Movement of Iranian Ahl Al Sunnah Muhajirs

While Salafism is not particularly widespread in Iran’s Sunni regions, the country has seen increased activity of organizations such as Al Qaeda and Ansar al Islam from the late 1990s to the mid-2000s, especially in the Kurdish northwest. Between 2001 and 2003, Ansar al Islam saw a surge in popularity in Iran’s Kurdish regions after expanding its influence in neighboring Iraq, allowing the group to intensify its incursions into the Kurdish Regional Government. As Ansar al Islam lost territory, the Al Qaeda Kurdish Battalions were established, recruiting fighters from among the Kurds of Iraq and Iran to conduct suicide attacks in Erbil and Sulaymaniyah. Reports have since emerged of large numbers of Iranian nationals traveling to Taliban and Al Qaeda training camps in Afghanistan and Pakistan after 2008.

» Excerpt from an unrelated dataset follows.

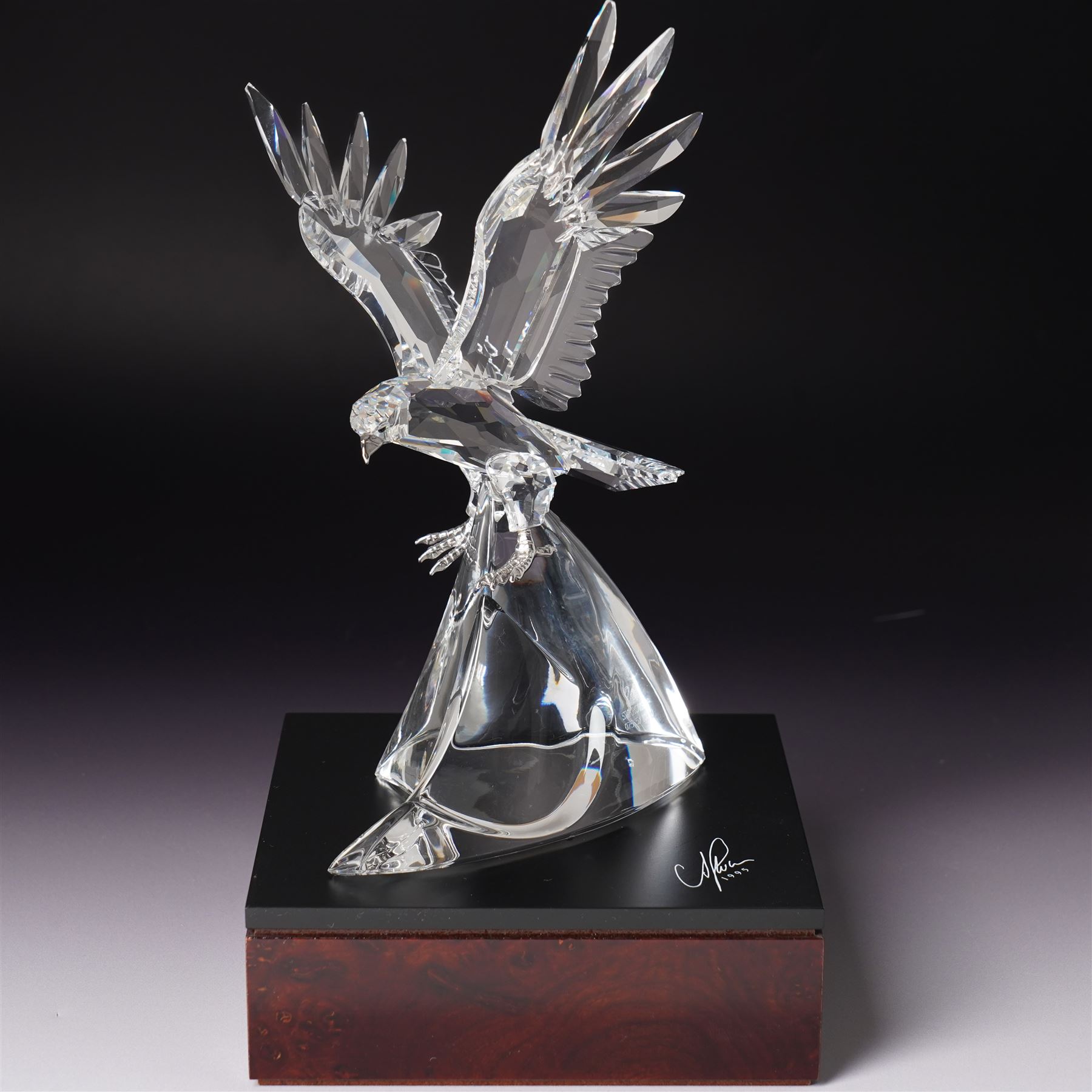 Swarovski, The Eagle, modelled as an eagle in flight upon a wooden base, limited edition 7515/10000, with certificate and case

After 2011, it is known that many Iranians of Jihadi Salafi persuasion crossed into Syria. Rejecting Daesh’s call to all groups operating within its territory to submit to the group, most Iranian fighters opted to travel to Nusra dominated areas after 2014. As their numbers grew, Iranians among the ranks of Jabhat al Nusra grouped together under the mantle of “Guardians of the Ummah”, in reference to the IRGC-aligned “Guardians of the Shrine”, a Shia militia purporting to safeguard the tomb of Sayyidah Zainab in Damascus.1

In 2016, Iranian fighters of the Syrian Ansar al Islam broke off and founded the “Movement of Iranian Ahl al Sunnah Muhajirs”. By the summer of the same year, the nearly 200-strong grouphad become a separate faction under the Nusra-dominated Hayat Tahrir al Sham (HTS). During the 2017 offensive initiated by the HTS in northern Hama, aka Operation “Tell them to Work/WaKolE’emalo” (Quran 9:105), the Muhajirs incurred their heaviest lossesas yet,including two of the group’s Jurists of Shariah law, Mawlawi Abd al Karim al Balushi and Mamosta Abu Bakr al Kurdi, in December 2017.2 The Muhajirs comprise of chiefly Kurdish and Baluchi members, along with Persians, Turkmen, and Arabs of the Ahwaz region of Iran. The group has lately enhanced its social media activities, placing the slogan “Presenting the Institution of al-Qādisiyyah” on its posts.3 Abd al Rahman Fattahi, the leader of the Movement, was born in Mokryan in the region of Mahabad in Iran. Fattahi, who had previously been imprisoned in Karaj in 2010, traveled to Syria after his release. 4

The Movement of Iranian Ahl al Sunnah Muhajirs has also issued statements on matters outside of the Syrian Civil War. Such examples include the condemnation of the recognition of Jerusalem as the capital of Israel, support for the protests erupting in Iran in December 2017, and vows of revenge for the execution of a number Iranian Sunnis.5

Iranian Sunnis also fight under the banners of various Syrian groups such as Ahrar al Sham and Faylaq al Sham, however the Muhajirs set themselves apart from these as they are comprised exclusively of Iranians. There also exist other externally-basedIranian opposition groups, including the left-leaning People’s Mujahedin, the Democratic Party of Iranian Kurdistan, and PJAK. The Movement of Iranian Ahl al Sunnah Muhajirs is unprecedented as a sectarian, externally-based group of entirely Iranian membership opposing the government of Iran.